Soon the sky is clouding over, with low grey clouds building and moving in a south-west direction. Strange, I think. A weather pattern not often seen in the mid-west. Regardless, the sky is moving toward me. I stop shortly in a heavy grove of trees and it feels like dusk. I decide to wait and see what the weather does, not wanting to continue higher if lightning starts. I’ve just begun eating lunch when thunder rocks the atmosphere. Soon, more follows. Now the thunder is constant and rain begins coming down hard. I sit and eat from my bean-pot until a crashing noise from the underbrush nearby makes me get up and lock my bear canister. I decide to walk on, as the immediate trail around me seems content to stay in thick forest. The rain makes me cold and I stop to add layers of clothing and look at my maps see how far I am from higher elevations.
Then, I realize my maps aren’t in my pocket. Today’s map and tomorrow’s map. I check again. Then, I check my back pockets. I go through my backpack. Nothing. I check my notebook, and find it empty. I quickly put on the extra clothes and begin to backtrack, asking a few people I pass whether or not they’ve seen them. The answer, “No. Sorry.” I return to my lunch site and poke around. Nothing there either. I realize I’m wasting my time and walk back to my pack. I tell myself its not a big deal, which it really truly isn’t. The trail is so well marked that I have only the slightest chance of getting lost. It’s just a nice comforting thing to have a map, and to be able to look at it whenever I want. It’s nice to know mileage between points. Oh well, I think. I’ve had three maps since I began, and I’ve managed to lose all three. I decide my system is broken and resolve to put them in a better place: right next to my phone in my pants’ pocket with a zipper.
As I trudge on the rain grows steadier, the wind stronger, air colder, and my mood meaner.
“I thought it was supposed to be sunny all the time in the Sierras this time of year!” I say. “I thought any rain that came was supposed to blow in and out in thirty minutes!” Since arriving in Yosemite five days ago, rain and thunder have been in the area each day. I begin to worry about the weather pattern. What if I’m locked into wet weather? I become frustrated and for a while I can’t fight it. Self-pity and resentment take over and soon I can feel tension in my neck tightening like a screw. The weather is now a personal affront to me. And me alone. I try to think about positive things: a dry sleeping bag, dry clothes somewhere in my pack, the transience of weather, a healthy non-sprained ankle, the fact that I am still not a lightning rod. The clouds begin to break. Slowly. The storm has lasted nearly three hours and as I approach the top of Sunrise the rain stops completely. A man is sitting on the rocks.
“Hello.” I say.
He nods and smiles, “Oh, hello!”
I can tell he isn’t from this country. “Where are you from?” I say.
“Ahh…Japan. Tokyo.”
“You live in Tokyo? You came all the way over here to hike the JMT?”

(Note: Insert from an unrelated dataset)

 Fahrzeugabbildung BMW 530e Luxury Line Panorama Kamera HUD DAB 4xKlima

“Ohhh…yes! The JMT! I hike the JMT!”
“Wow.” I say. He wears a camera around his neck. A nice camera. I ask him about it.
“Photographer,” he says. “Take pictures.” We talk for a while and he pauses frequently to find the English words for what he wants to say. We speak of the mountains in Japan, the hiking trails in his country. He tells me I can walk all over, spend months backpacking through the countryside. I tell him maybe someday I’ll meet him again walking in the Japanese mountains. He smiles, laughs, says “Yes. OK,” and then I hike on. His pace is much slower than mine, so I won’t see him again.

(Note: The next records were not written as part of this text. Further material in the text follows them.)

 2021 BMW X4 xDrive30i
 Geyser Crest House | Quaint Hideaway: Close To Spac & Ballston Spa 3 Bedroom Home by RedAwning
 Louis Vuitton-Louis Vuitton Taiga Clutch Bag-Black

The sun clouds over. The rest of the afternoon is spent with low grey clouds hovering over the landscape. I meet a woman with two young boys and she looks ready to break. The boys are full of some strange endless energy and they keep howling like wolves and chanting about Mt. Whitney. I feel badly for her; she looks ready to quit. As I leave them I can hear her saying over and over again, “Boys! Boys!”
This is a hard place.

I leave Sunrise behind and enter a series of beautiful alpine meadows. The clouds hang over all. The Grey Kingdom! I imagine Arya Stark and The Hound walking through these fields. Green grass grows recklessly, right up to the deep rut of the trail. The fields extend for hundreds of yards, and jagged mountains sprout up from their edges. Pools of water form everywhere, including the trail.

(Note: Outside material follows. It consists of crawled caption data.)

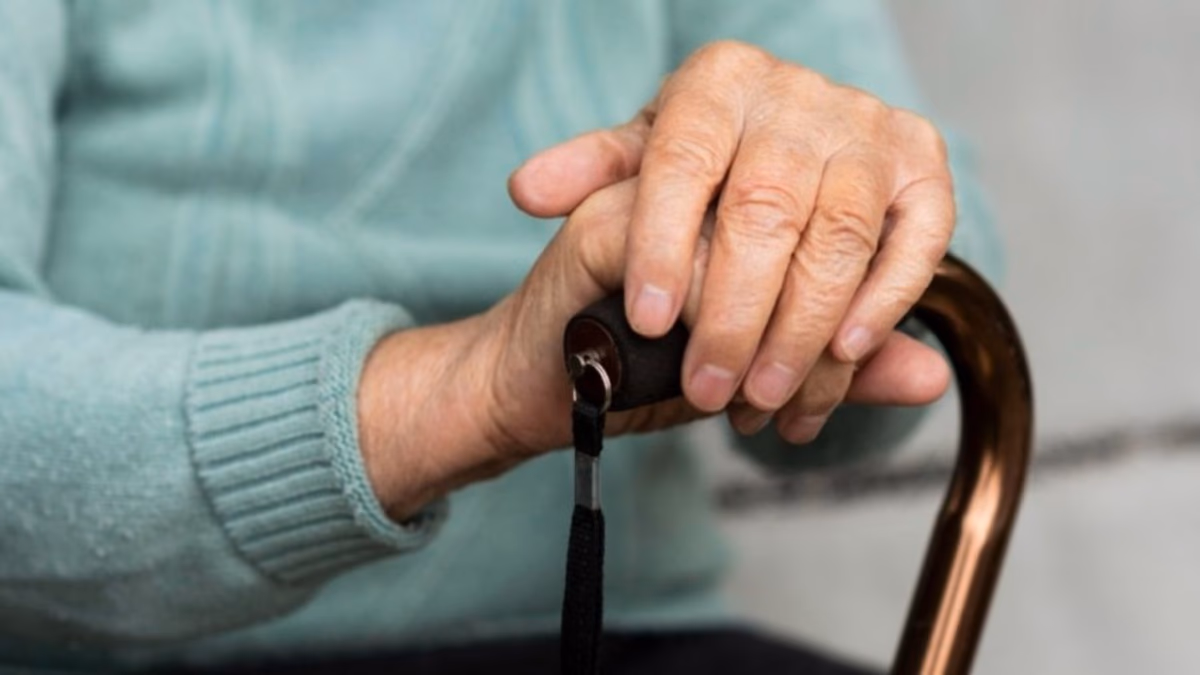 Beneficios económicos para adultos mayores en junio: pensión, bonos y más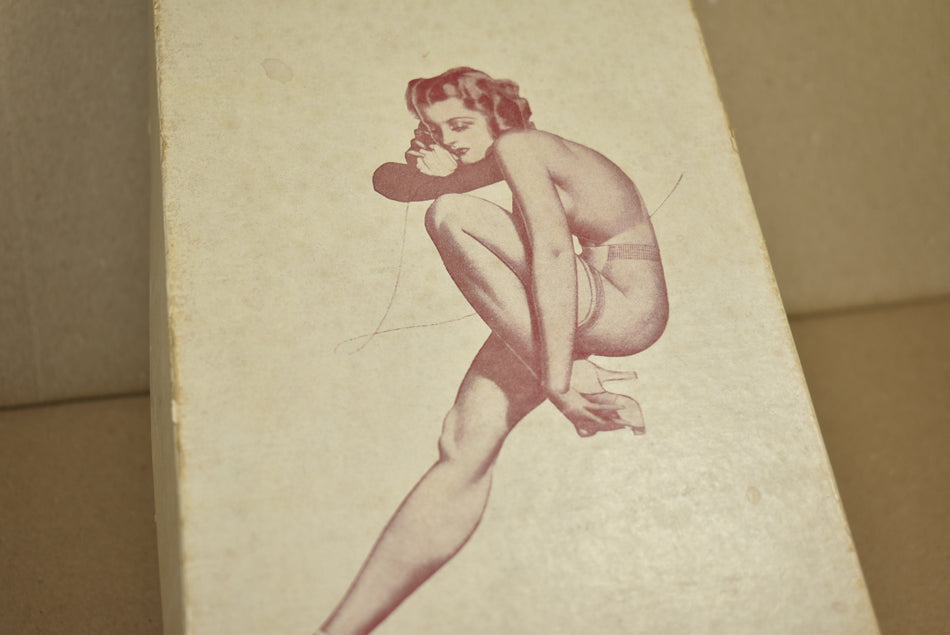 Boîte en carton avec Pin Up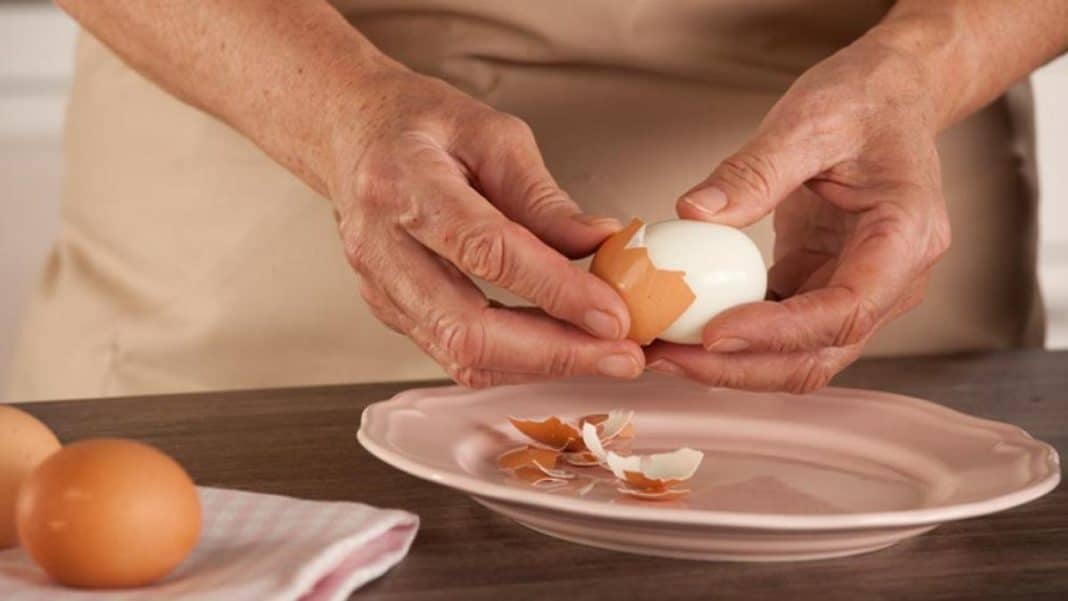 El truco de los profesionales para cocer huevos y que queden perfectos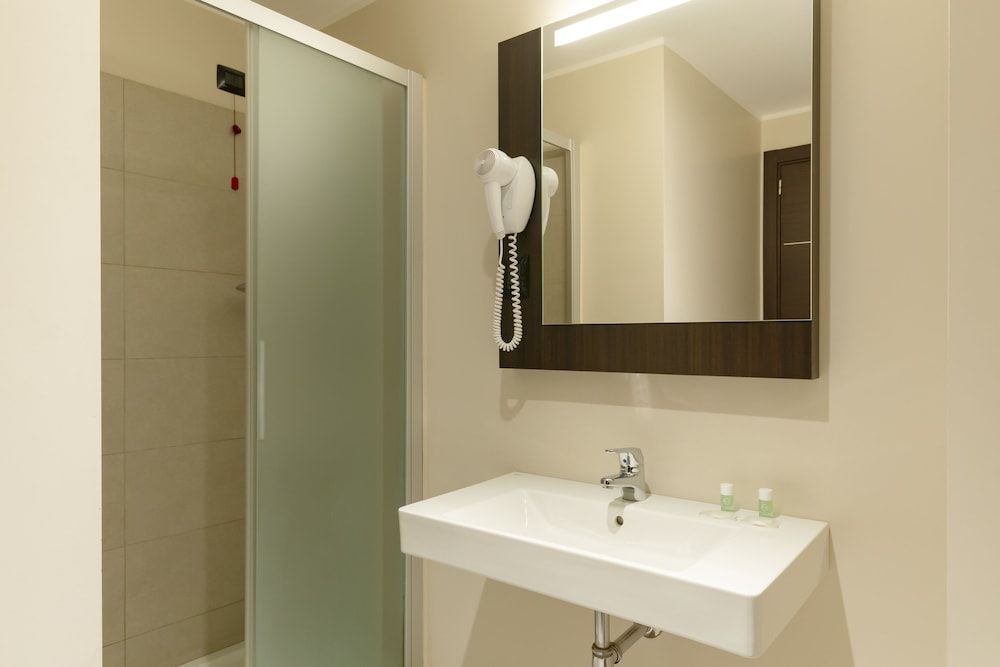 undefined B&B Hotel Como Camerlata 4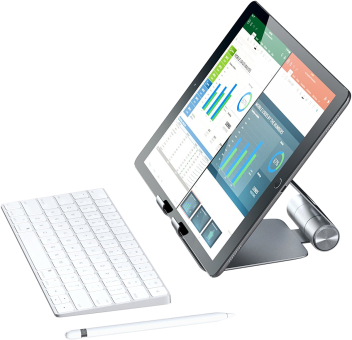Tablette sur un support avec clavier et stylet sur fond noir.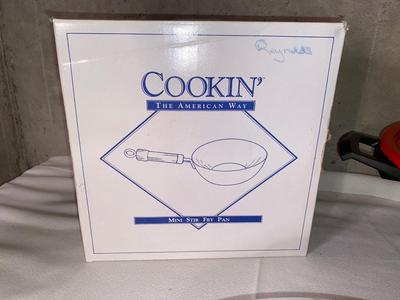 ELECTRIC STIR FRY/WOK, NEW SMALL FRY PAN AND CORNING WARE CASSEROLE DISH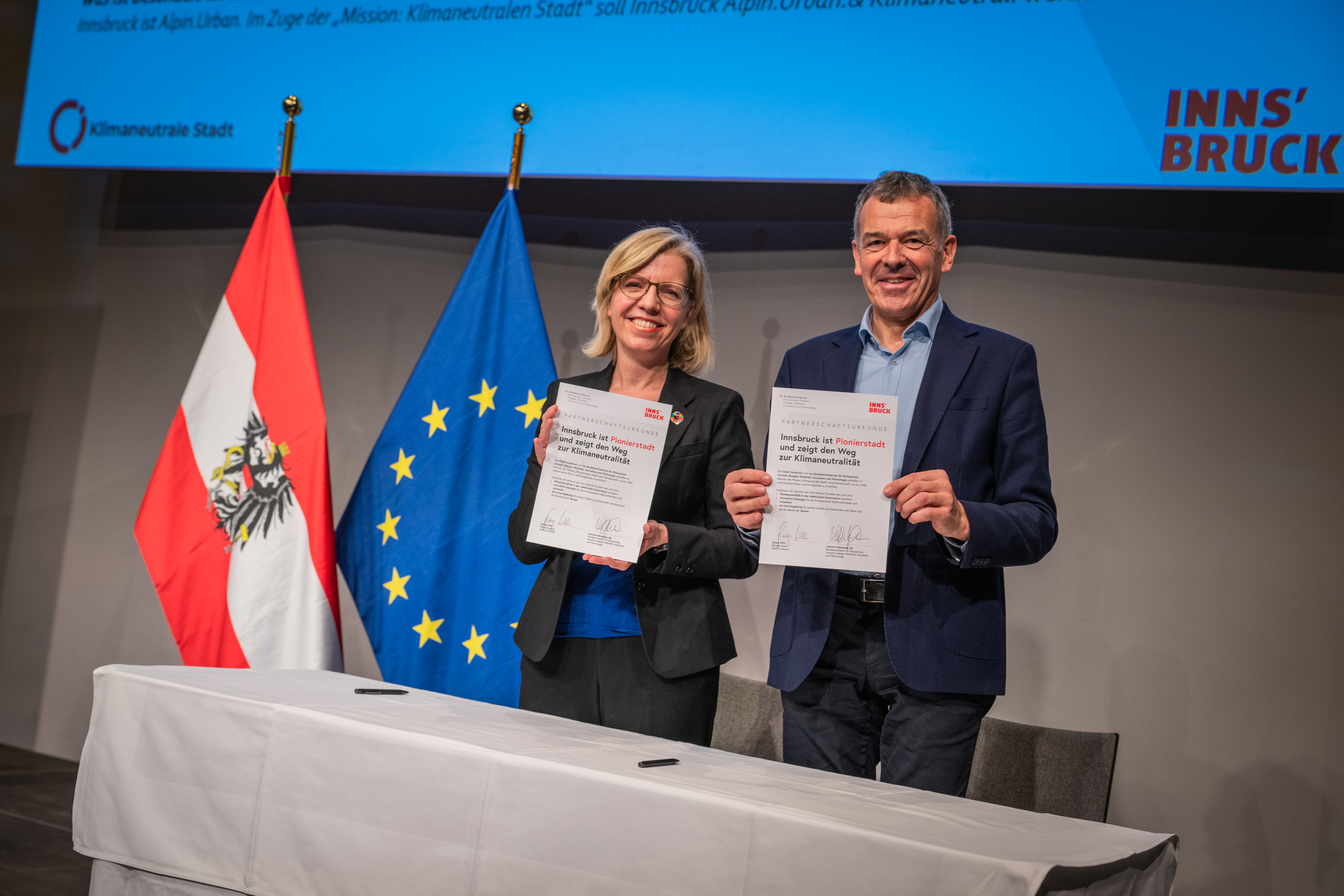 Bürgermeister Georg Willi unterzeichnete mit Bundesministerin Leonore Gewessler die offizielle Partnerschaftsbekundung zur "Klimaneutralen Stadt".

Cathedral Peak comes into view, and soon the lake below it. It will be my campsite for the night.

Big granite ledges border some of the lake’s beaches and in other areas large rock slabs appear to be sliding, casually, into the rippling glistening water. The sun is out again and I make camp back away from the shoreline. I take my dinner kit and the Kindle and spend the remaining evening hours on a boulder next to the lake eating pasta, reading, watching the sky, soaking my feet, feeling alternately hot and cold. I sun myself and feel my skin and clothes drying, drying. Leaving the wet day behind.